When children know more than adults about a topic, they remember
more new information about the topic than adults.
Prior content knowledge improved memory through improving coding
and by providing useful associations.
Core-Knowledge Theories
The percentage of children who lie about transgression steadily increases
from age 2 to age 7, possibly because older children are more imaginative
in creating realistic cover-ups.
Deception like this illustrates 2 characteristic features of research inspired
by core-knowledge theories (approaches that view children as having
innate knowledge regarding special evolutionary importance & domain-
specific learning mechanisms for getting more information in these
domains)
Research focuses on knowledge that has been important through
human evolutions, like understanding and manipulating other people’s
thinking but also recognizing people’s faces, learning languages, find
way through space, understanding causes and effects, and so on.
Deception research also reflects that infants think in a more advanced
way than Piaget sugessted to be possible.
Ex. if preschoolers were completely egocentric, they wouldn’t feel
the need to lie, but they do, so they must understand other minds
to a degree.
Constructivism
Constructivism - the theory that infants build increasingly advanced
understanding by combining rudimentary innate knowledge with
subsequent experiences.
This theory proposed that young children actively organize their
understanding of important domains into informal theories.
These theories share 3 important characteristics with formal scientific ones.
1. They explain many phenomena in terms of few principles (ex. animals
want food and water and that underlies many behaviours).
2. They identify fundamental units for dividing relevant objects & events
into basic categories (ex. all objects are divided into peopoole, animals,
and nonliving things).
3. They explain events in terms of unobservable causes (preschoolers
know vital activities of animals are because of internal processes, not
external ones).
Core-knowledge constructivists emphasize that children’s initial simple
theories grow considerably more complex with age and experience.
Sociocultural Theories
Sociocultural theories - approaches that emphasize that other people and
the surrounding culture contribute greatly to children’s development.

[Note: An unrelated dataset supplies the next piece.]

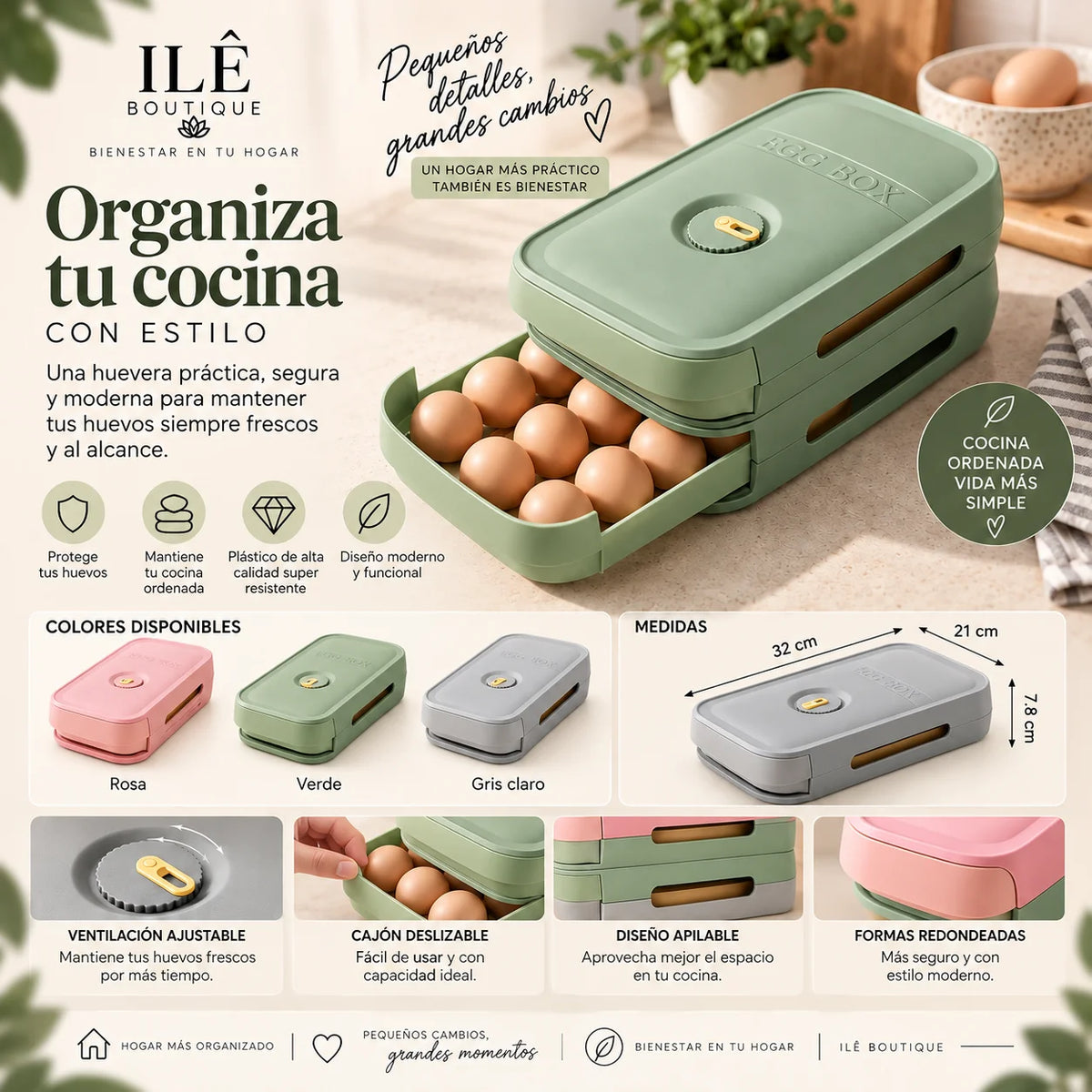 Organizador de Huevos Apilable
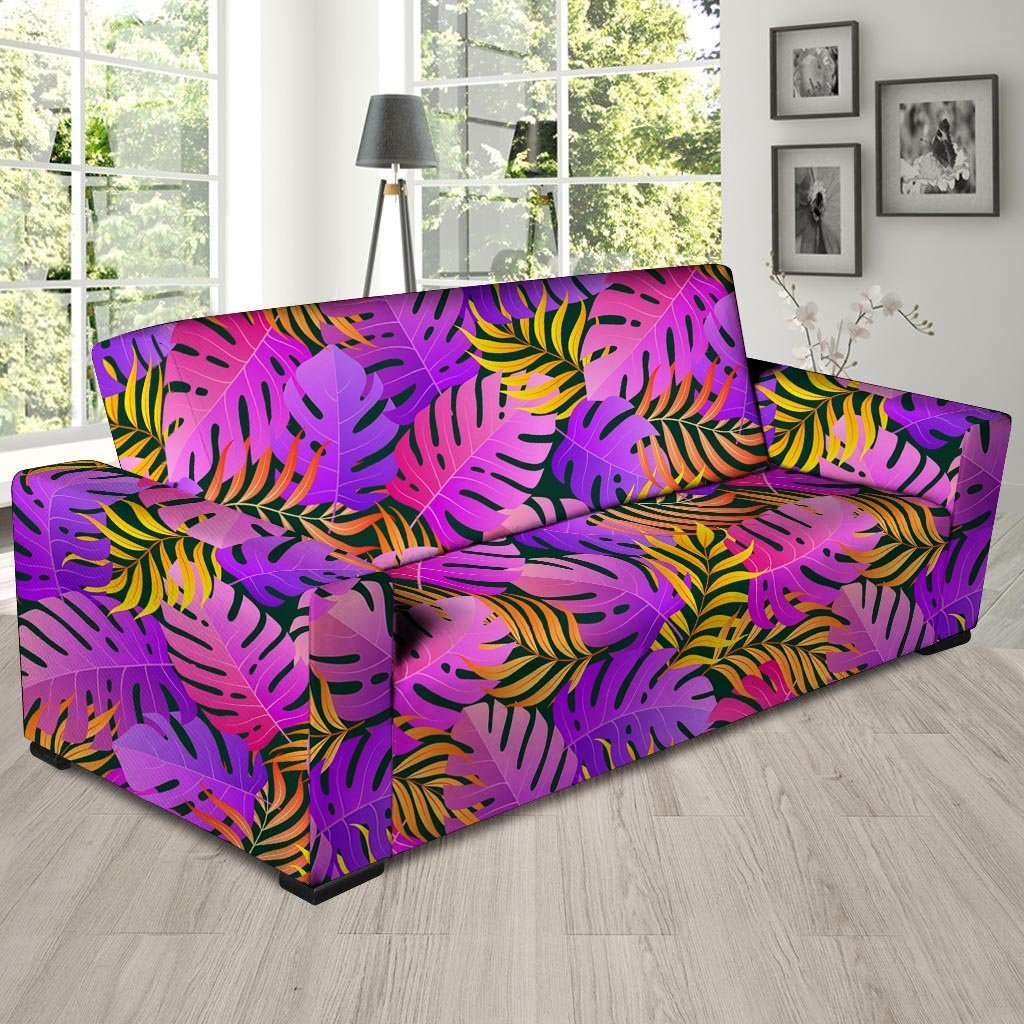 Neon Palm Leaf Edm Print Sofa Cover-grizzshop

Sociocultural theorists emphasize that much of cognitive development
takes place through interactions between children and other people who
want to help the children acquire the skills, knowledge, beliefs, and
attitudes valued by their culture.
Guided participation - individuals organize activities in ways that allow less
knowledgeable people to learn.
This often occurs in situations where the explciit purpose is to achieve
a practical goal, and learning more general skills occurs as a by-
product of the activity.
Social scaffolding - a process through which adults and others with greater
expertise organize the physical and social environment to help children
learn.
For this to work, a task that is beyond the child’s current level but can
be accomplished with help must be chosen with the goal of the task
and how to execute explained.
Cultural tools like symbol systems, manufactured objects, skills, values and
so on influence our thinking and without these guided participation and
social scaffolding proves to be difficult in situations like assembling a toy
(can’t communicate, do not have objects to assemble…).
Mechanism of Change
Dynamic-systems theories propose that changes occur through
mechanisms of variation and selection that are similar to those that produce
biological evolution.
Variation refers to the use of different behaviours to pursue the same goal.
Selection involves more frequent choice of behaviours that are effective in
meeting goals and less frequent use of less effective behaviours.
Selection among alternative approaches reflects 3 influences:
1. Relative success of each approach.